Tama’s Lincoln Highway Bridge: A Landmark Spelled Out in Concrete

The Lincoln Highway Bridge in Tama, Iowa, taken sometime after 1968. (Historic American Engineering Record photo via Library of Congress >>)

The Lincoln Highway Bridge in Tama, Iowa, taken sometime after 1968. (Historic American Engineering Record photo via Library of Congress >>)

TAMA, Iowa — For Lincoln Highway enthusiasts, a stop in this small town about an hour west of Cedar Rapids is mandatory. On its eastern approach into the town from the U.S. 30 expressway bypass — and just off an older local bypass — the Lincoln Highway travels over a short bridge spanning a small creek.

The famous Lincoln Highway Bridge in Tama, Iowa (Photo by Michael E. Grass)

The famous Lincoln Highway Bridge in Tama, Iowa (Photo by Michael E. Grass)

The concrete railing spells out “LINCOLN HIGHWAY.” It was a way for little Tama to stand apart from other towns proud to have the highway’s alignment go through their town. (Tama, in fact, hosts an annual Lincoln Highway Bridge Festival.)

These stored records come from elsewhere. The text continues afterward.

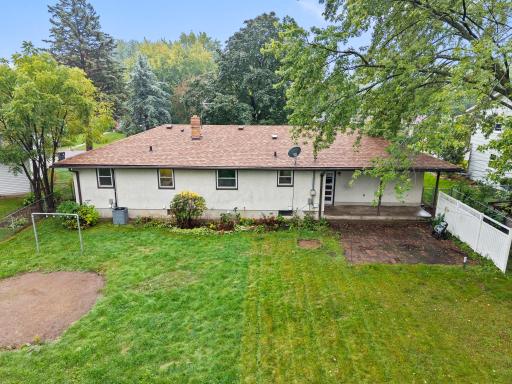 2245 Mapleview Avenue, Saint Paul, MN 55109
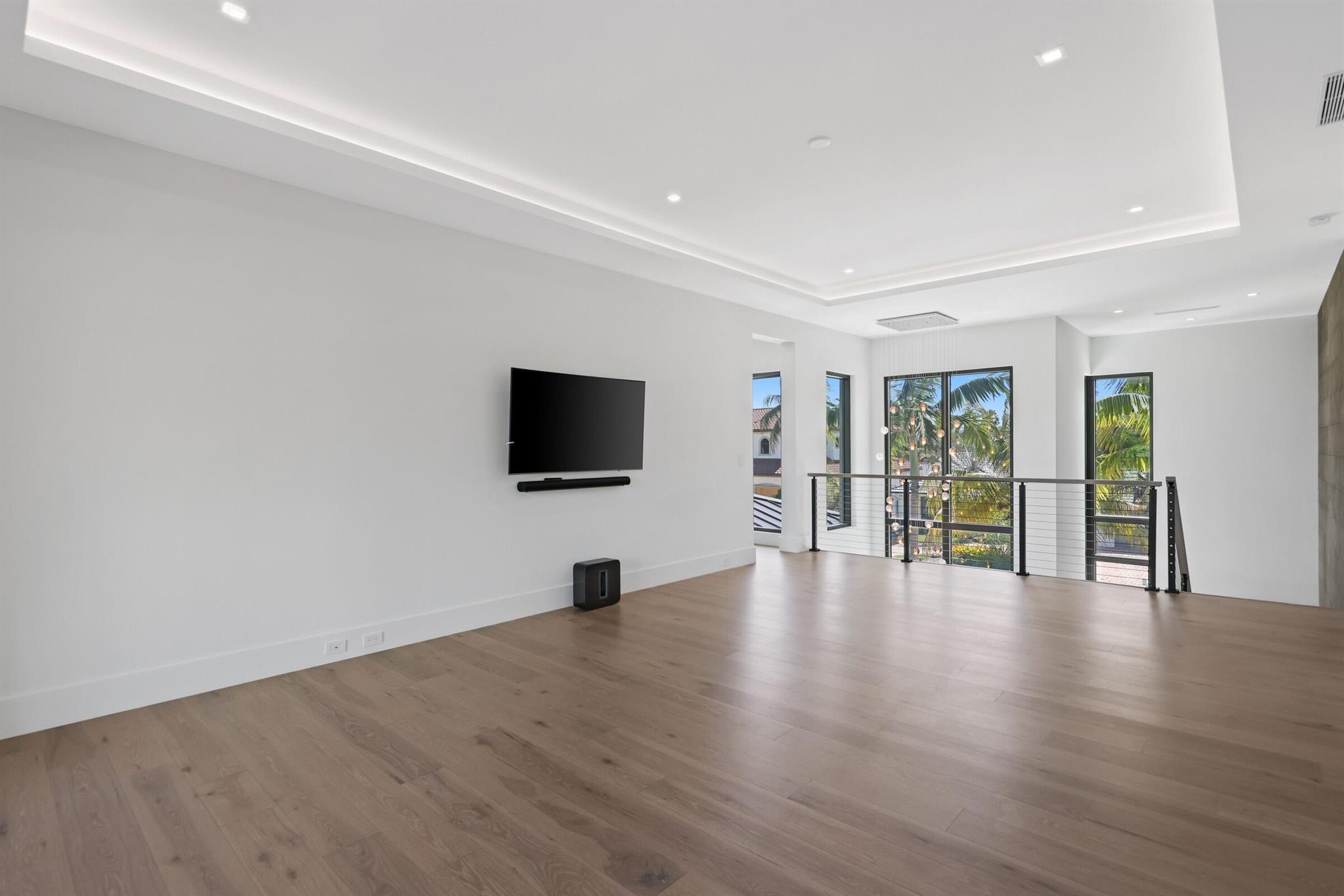 TROPIC ISLE 2ND SEC - Residential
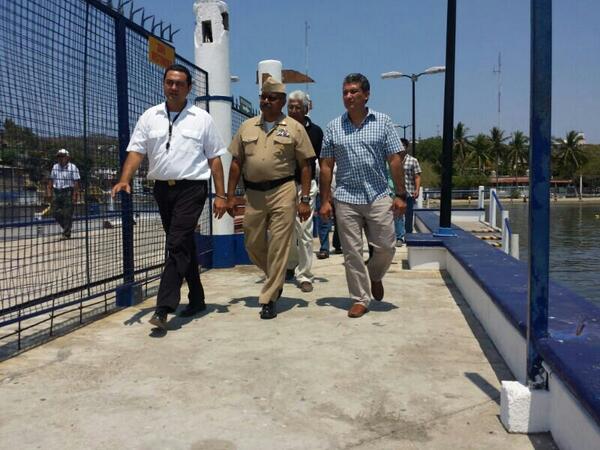 El presidente municipal de Zihuatanejo de Azueta recorrió el muelle después del sismo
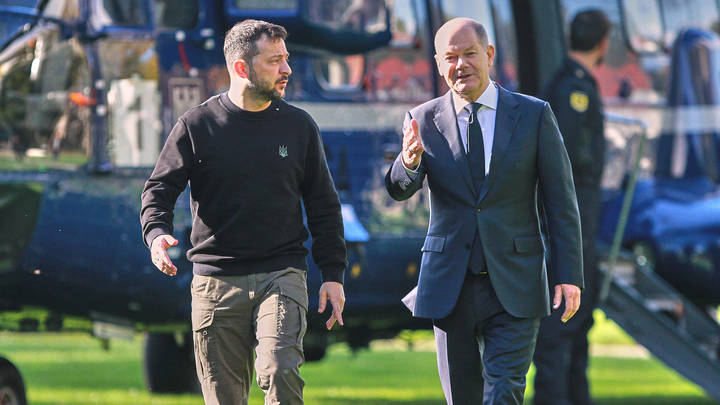 Зеленский заявил о готовности к прекращению огня в обмен на зонтик НАТО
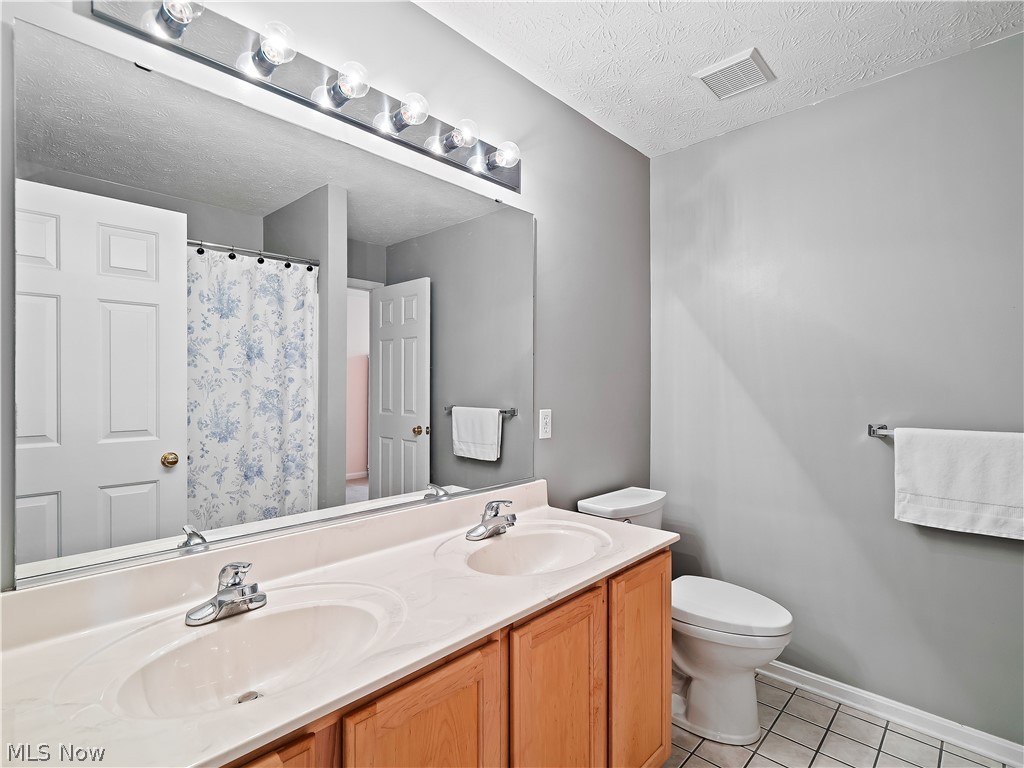 4754 Belmont Drive Avon OH 44011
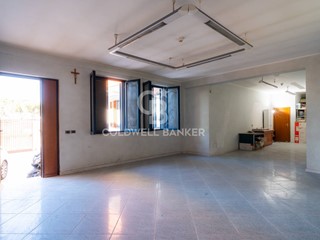 Laboratorio in Vendita a Modugno, 257'000€, 514 m²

By simply spelling two words out in concrete, this tiny town transformed the Lincoln Highway into its own modern monument. To the rest of the state, it showed that Tama wasn’t stuck in the mud.

Iowa’s often impassable dirt roads were notoriously bad. And there were disagreements on how to improve them or whether to improve them at all.